Haifa University archaeologist Ronny Reich, who has spent four decades digging around the Old City of Jerusalem, said the seal revealed details about some of the administrative procedures used by temple officials to oversee religious offerings.
"If you wanted to give a drink offering to the temple you went and bought an impressed seal from one person, a priest obviously, and then gave him the money,” Reich explained. “You went to the other man and received against this coupon lets call it a drink offering. And then went to the temple to offer it.”

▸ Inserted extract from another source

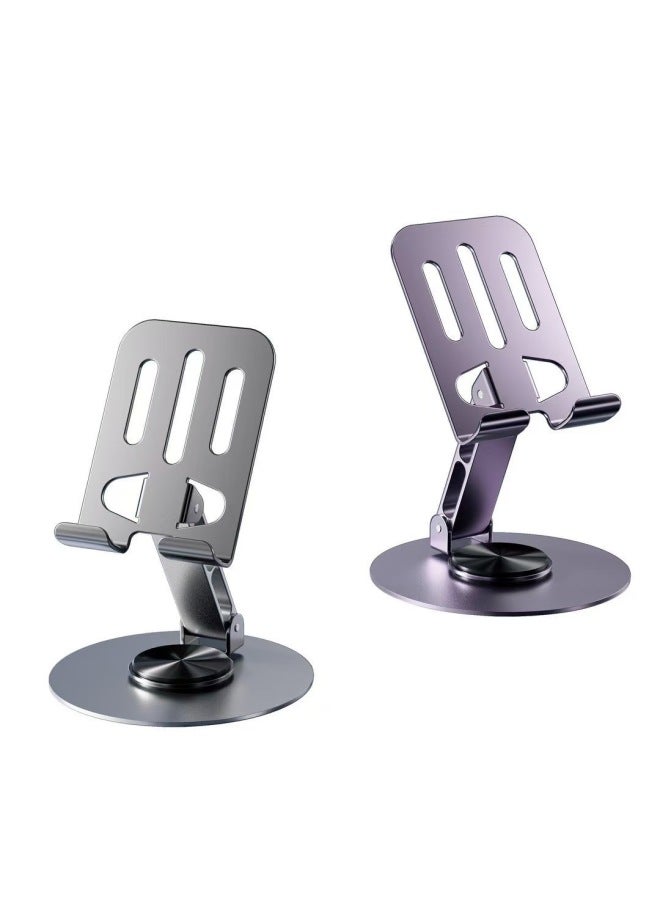 Cross-border explosions mobile phone bracket metal desktop 360-degree rotating lazy folding live flat support wholesale - Image 1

The excavation is taking place beneath the religious compound know as the Temple Mount to Jews and the Noble Sanctuary to Muslims. The site is revered by both religions and previous archaeological activities in the area have sparked violent confrontations between Israeli and Palestinians.
At the press conference to announce the find, archaeologists were flanked by two government ministers from the right-wing Likud party who used the discovery to press Jewish claims of sovereignty over Jerusalem.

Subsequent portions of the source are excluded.